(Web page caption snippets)
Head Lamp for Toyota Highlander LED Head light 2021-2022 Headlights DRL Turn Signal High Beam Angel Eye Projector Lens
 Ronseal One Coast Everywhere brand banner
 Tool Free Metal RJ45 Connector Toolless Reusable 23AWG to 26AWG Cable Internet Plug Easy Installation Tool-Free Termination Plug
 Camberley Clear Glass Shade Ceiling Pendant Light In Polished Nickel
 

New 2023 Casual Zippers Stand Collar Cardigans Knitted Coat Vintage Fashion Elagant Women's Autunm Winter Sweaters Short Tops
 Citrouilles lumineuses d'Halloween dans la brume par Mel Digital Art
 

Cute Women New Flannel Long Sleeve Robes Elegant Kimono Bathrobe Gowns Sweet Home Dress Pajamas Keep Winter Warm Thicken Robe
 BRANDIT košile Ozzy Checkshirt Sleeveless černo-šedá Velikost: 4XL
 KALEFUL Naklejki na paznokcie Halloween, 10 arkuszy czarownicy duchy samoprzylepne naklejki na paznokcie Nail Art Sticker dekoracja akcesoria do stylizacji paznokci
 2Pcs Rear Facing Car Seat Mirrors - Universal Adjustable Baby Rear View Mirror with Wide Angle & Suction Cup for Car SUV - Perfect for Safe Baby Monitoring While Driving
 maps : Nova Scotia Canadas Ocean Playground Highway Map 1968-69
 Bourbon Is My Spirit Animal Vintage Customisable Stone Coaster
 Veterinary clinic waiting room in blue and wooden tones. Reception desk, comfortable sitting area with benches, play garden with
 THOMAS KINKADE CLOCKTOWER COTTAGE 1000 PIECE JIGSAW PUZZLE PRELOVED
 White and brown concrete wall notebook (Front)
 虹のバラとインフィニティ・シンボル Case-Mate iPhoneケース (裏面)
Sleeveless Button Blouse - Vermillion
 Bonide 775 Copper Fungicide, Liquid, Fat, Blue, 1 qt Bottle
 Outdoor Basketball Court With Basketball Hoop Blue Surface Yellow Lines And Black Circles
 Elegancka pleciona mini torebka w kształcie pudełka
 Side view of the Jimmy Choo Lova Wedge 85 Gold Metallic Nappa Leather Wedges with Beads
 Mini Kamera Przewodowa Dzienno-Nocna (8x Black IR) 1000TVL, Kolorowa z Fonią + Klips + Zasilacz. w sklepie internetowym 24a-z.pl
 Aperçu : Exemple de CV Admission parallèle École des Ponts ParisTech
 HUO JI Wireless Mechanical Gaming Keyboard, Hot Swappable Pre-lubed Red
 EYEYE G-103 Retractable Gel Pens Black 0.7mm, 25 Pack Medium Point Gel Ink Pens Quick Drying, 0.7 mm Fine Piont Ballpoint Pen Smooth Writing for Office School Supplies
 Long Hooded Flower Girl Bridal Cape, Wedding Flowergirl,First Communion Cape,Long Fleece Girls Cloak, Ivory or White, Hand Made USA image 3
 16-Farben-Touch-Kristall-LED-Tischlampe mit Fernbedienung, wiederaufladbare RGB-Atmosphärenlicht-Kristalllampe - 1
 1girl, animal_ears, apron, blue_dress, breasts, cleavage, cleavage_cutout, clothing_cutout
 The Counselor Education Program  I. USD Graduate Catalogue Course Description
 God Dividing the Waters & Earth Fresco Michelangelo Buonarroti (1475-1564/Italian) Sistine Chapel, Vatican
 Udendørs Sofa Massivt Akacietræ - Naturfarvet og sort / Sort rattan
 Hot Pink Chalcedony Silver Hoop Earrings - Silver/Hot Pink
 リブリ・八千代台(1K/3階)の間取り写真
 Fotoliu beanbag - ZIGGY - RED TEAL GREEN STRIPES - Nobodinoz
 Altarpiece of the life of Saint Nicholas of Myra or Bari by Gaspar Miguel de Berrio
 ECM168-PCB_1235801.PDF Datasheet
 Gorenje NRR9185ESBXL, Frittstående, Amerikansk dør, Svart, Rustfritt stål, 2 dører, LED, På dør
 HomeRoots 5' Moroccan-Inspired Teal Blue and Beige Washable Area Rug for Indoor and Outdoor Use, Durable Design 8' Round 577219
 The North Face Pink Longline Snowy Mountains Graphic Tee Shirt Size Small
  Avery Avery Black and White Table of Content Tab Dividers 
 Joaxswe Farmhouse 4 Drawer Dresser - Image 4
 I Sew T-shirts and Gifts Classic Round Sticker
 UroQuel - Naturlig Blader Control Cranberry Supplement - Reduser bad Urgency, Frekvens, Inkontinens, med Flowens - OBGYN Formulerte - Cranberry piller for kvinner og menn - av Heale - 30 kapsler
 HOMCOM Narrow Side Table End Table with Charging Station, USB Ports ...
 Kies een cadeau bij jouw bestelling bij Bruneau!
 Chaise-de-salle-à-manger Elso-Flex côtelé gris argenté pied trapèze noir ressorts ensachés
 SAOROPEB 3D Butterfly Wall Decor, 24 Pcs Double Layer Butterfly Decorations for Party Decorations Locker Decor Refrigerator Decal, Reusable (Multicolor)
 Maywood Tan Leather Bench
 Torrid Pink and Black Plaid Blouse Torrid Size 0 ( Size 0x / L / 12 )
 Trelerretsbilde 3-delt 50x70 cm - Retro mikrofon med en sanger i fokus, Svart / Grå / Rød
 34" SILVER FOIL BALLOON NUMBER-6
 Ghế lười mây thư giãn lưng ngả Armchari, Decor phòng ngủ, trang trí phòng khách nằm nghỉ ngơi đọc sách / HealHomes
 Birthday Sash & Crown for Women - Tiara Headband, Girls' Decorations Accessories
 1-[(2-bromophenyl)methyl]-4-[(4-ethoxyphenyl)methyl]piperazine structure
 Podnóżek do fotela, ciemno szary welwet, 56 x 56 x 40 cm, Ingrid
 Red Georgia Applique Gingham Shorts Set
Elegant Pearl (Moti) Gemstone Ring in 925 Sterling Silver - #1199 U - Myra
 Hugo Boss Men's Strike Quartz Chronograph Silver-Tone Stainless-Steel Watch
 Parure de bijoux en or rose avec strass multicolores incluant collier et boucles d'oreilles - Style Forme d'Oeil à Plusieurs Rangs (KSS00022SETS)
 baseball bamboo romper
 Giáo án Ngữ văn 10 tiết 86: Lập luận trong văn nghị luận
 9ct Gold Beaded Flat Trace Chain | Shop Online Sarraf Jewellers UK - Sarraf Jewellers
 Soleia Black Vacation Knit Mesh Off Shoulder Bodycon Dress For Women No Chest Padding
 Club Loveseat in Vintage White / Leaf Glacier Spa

_WHAT IS NEEDED_:
The lines above from the one with "Udendørs Sofa Massivt" through the one with "I Sew T-shirts" are to be duplicated exactly, ends included, with nothing added.

_TASK OUTPUT_:
 Udendørs Sofa Massivt Akacietræ - Naturfarvet og sort / Sort rattan
 Hot Pink Chalcedony Silver Hoop Earrings - Silver/Hot Pink
 リブリ・八千代台(1K/3階)の間取り写真
 Fotoliu beanbag - ZIGGY - RED TEAL GREEN STRIPES - Nobodinoz
 Altarpiece of the life of Saint Nicholas of Myra or Bari by Gaspar Miguel de Berrio
 ECM168-PCB_1235801.PDF Datasheet
 Gorenje NRR9185ESBXL, Frittstående, Amerikansk dør, Svart, Rustfritt stål, 2 dører, LED, På dør
 HomeRoots 5' Moroccan-Inspired Teal Blue and Beige Washable Area Rug for Indoor and Outdoor Use, Durable Design 8' Round 577219
 The North Face Pink Longline Snowy Mountains Graphic Tee Shirt Size Small
  Avery Avery Black and White Table of Content Tab Dividers 
 Joaxswe Farmhouse 4 Drawer Dresser - Image 4
 I Sew T-shirts and Gifts Classic Round Sticker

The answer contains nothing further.